Second, "events" are things that cause callback functions to get called and the code in that callback function is executed.
Calling a function that may then cause something to be inserted into the event queue, either immediately or later (depending upon the function). So, when setTimeout() is executed, it schedules a timer and some time later, it will cause the event loop to call the callback associated with that timer.
Third, there is not just a single event queue for every type of event. There are actually multiple queues and there are rules about what gets to run first if there are multiple different types of things waiting to run. For example, when a promise is resolved or rejected and thus has registered callbacks to call, those promise jobs get to run before timer related callbacks. Promises actually have their own separate queue for resolved or rejected promises waiting to call their appropriate callbacks.
Fourth, setTimeout(), even when given a 0 time, always calls its callback in some future tick of the event loop. It never runs synchronously or immediately. So, the rest of the current thread of Javascript execution always finishes running before a setTimeout() callback ever gets called. Promises also always call .then() or .catch() handlers after the current thread of execution finishes and control returns back to the event loop. Pending promise operations in the event queues always get to run before any pending timer events.

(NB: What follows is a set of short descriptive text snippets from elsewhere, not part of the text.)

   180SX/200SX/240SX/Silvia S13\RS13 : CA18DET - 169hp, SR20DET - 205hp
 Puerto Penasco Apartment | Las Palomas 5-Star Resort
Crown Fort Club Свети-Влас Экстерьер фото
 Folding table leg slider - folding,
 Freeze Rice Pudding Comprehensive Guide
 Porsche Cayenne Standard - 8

And to confuse things slightly, the Promise executor function (the callback fn you pass as in new Promise(fn)) does run synchronously. The event loop does not participate in running fn there. new Promise() is executed and that promise constructor immediately calls the executor callback function you passed to the promise constructor.
Now, lets look at your first code block:
let handleResolved = (data) => {
console.log(data);
}
let p = new Promise((resolve, reject) => {
setTimeout(() => {resolve("1")}, 0)
});
p.then(handleResolved);
setTimeout(() => {
console.log("2");
}, 0);
In order, here's what this does:
Assign a function to the handleResolved variable.

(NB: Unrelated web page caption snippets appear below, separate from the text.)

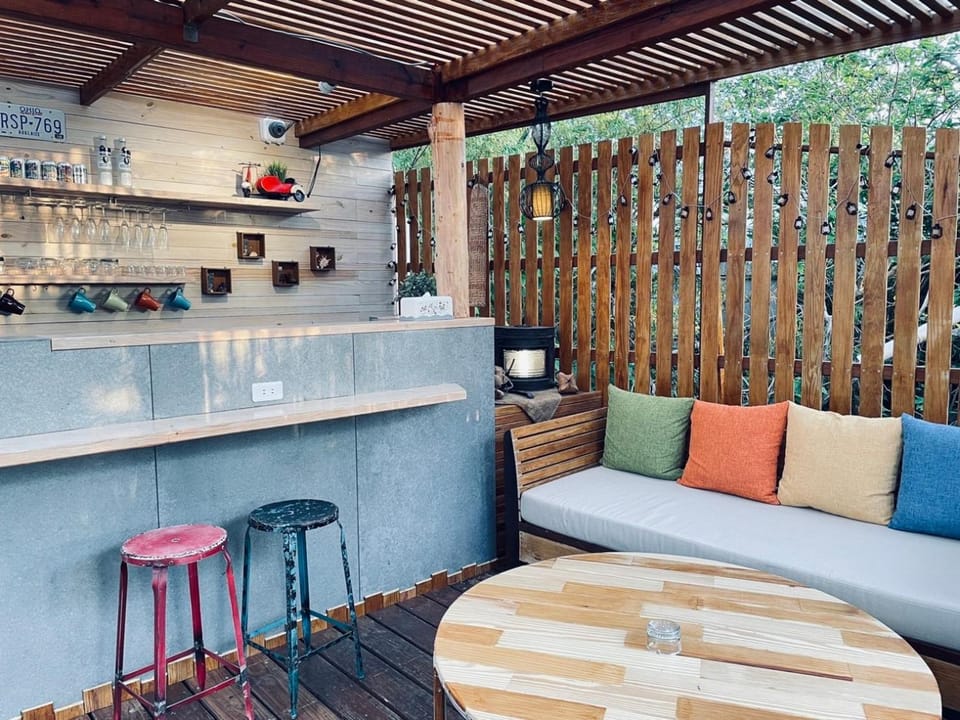 Cloud Inn Bed and Breakfast in Hengchun Township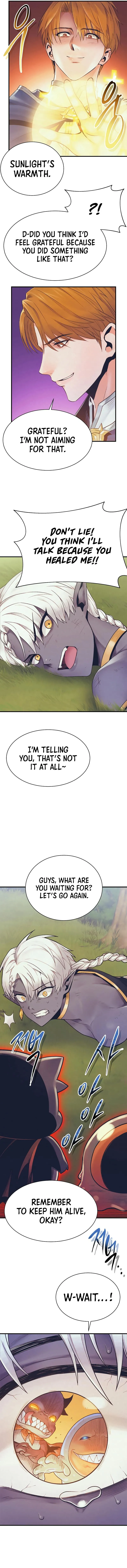 Read The Healing Priest of the Sun (en) Manga Online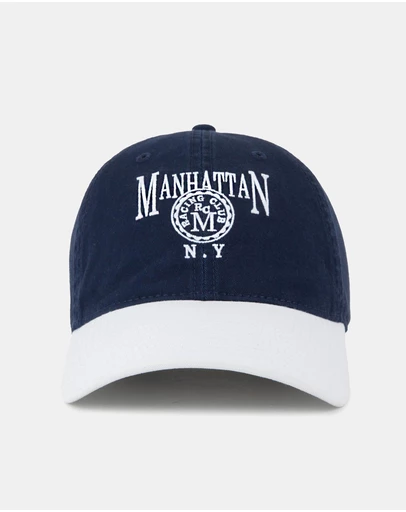 American Needle - Manhattan Racing Club Classic Cap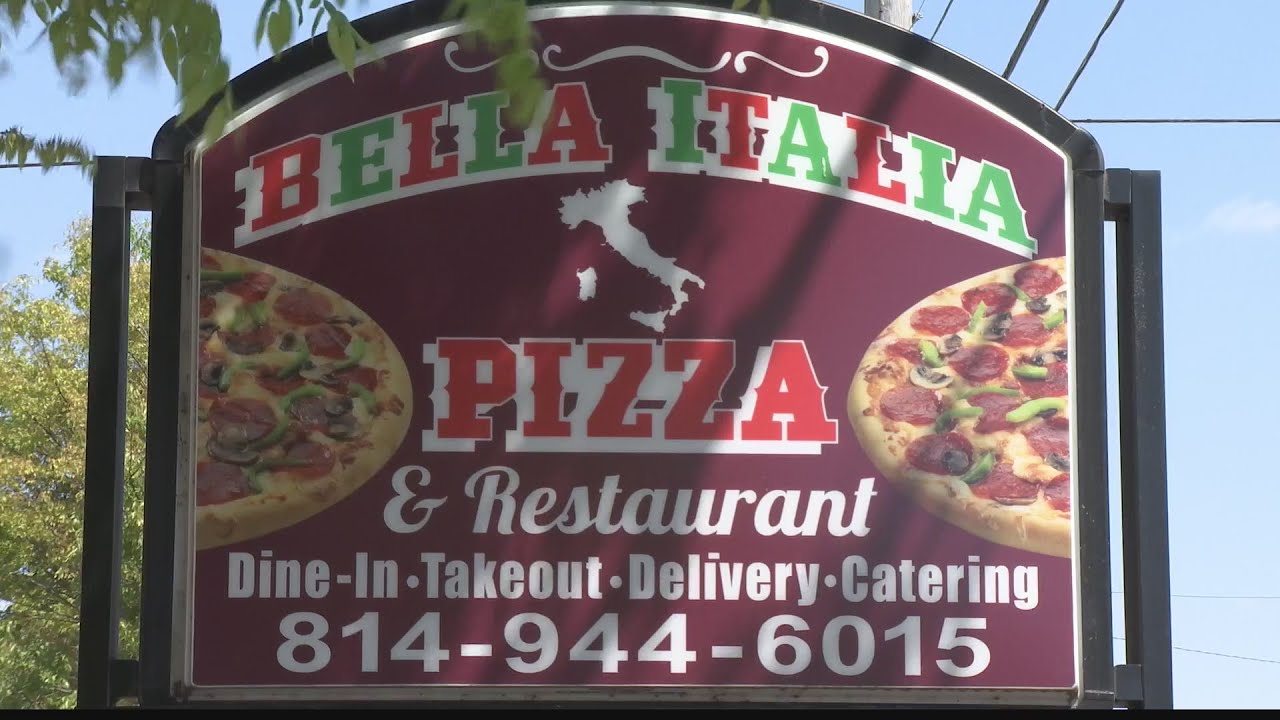 Altoona restaurant seating customers inside as normal YouTube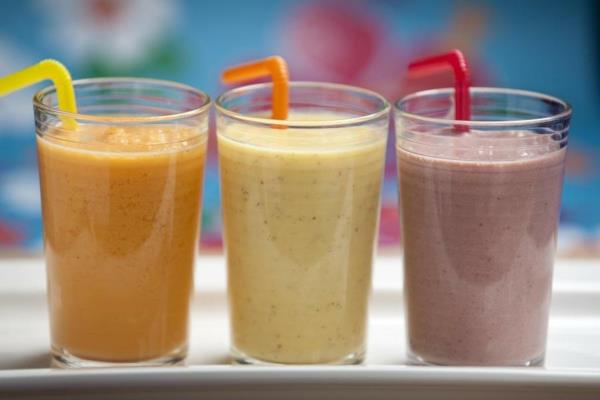 terveellisiä smoothieja laihtumiseen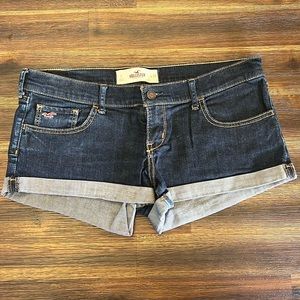 Hollister Jean shorts size 7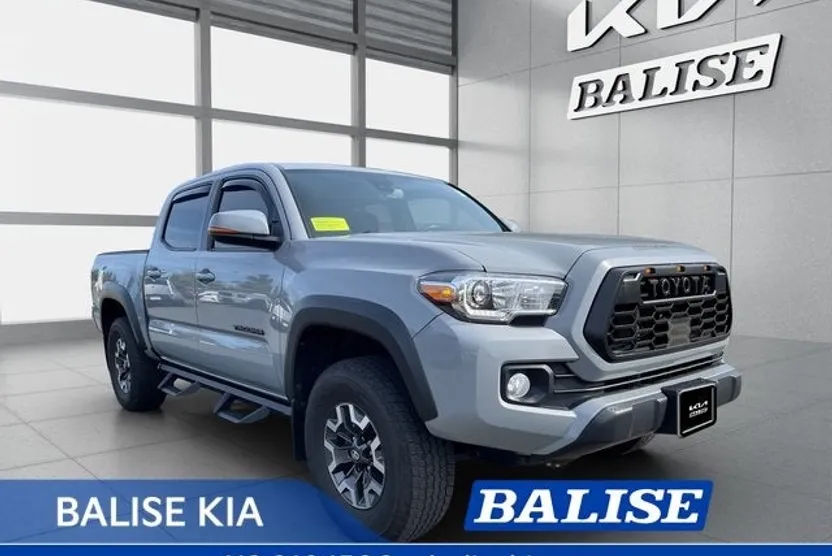 2021 Toyota Tacoma 4x4 TRD Off-Road photo 1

Call new Promise() which immediately and synchronously runs the promise executor callback you pass to it.
That executor callback, then calls setTimeout(fn, 0) which schedules a timer to run soon.
Assign the result of the new Promise() constructor to the p variable.

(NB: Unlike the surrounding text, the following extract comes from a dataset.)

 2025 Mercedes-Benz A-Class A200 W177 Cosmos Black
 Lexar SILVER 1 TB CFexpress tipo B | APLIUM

Execute p.then(handleResolved) which just registers handleResolved as a callback function for when the promise p is resolved.
Execute the second setTimeout() which schedules a timer to run soon.
Return control back to the event loop.
Shortly after returning control back to the event loop, the first timer you registered fires. Since it has the same execution time as the 2nd one you registered, the two timers will execute in the order they were originally registered. So, the first one calls its callback which calls resolve("1") to cause the promise p to change its state to be resolved. This schedules the .then() handlers for that promise by inserting a "job" into the promise queue.
That job will be run after the current stack frame finishes executing and returns control back to the system.
The call to resolve("1") finishes and control goes back to the event loop.
Because pending promise operations are served before pending timers, handleResolved(1) is called. That functions runs, outputs "1" to the console and then returns control back to the event loop.
The event loop then calls the callback associated with the remaining timer and "2" is output to the console.
What I don't understand is the order in which things are added to the event queue. The first snippet implies that the promise p will run, and then during its execution, resolve is put in the event queue. Once all of p's stack frames are popped, then resolve is run. After than p.then(...) is run, and finally the last console.log("2");
I can't really respond directly to this because this just isn't how things work at all. Promises don't "run". The new Promise() constructor is run. Promises themselves are just notification machines that notify registered listeners about changes in their state. resolve is not put in the event queue. resolve() is a function that gets called and changes the internal state of a promise when it gets called. p doesn't have stack frames. p.then() is run immediately, not later. It's just that all that p.then() does is register a callback so that callback can then be called later. Please see the above 1-11 steps for the sequence of how things work.
In the second example, somehow the number 2 is being printed to the console before the number 1. But would things not be added to the event queue in this order
In the second example, you have three calls to setTimeout() where the third one is nested inside the first one. This is what changes your timing relative to the first code block.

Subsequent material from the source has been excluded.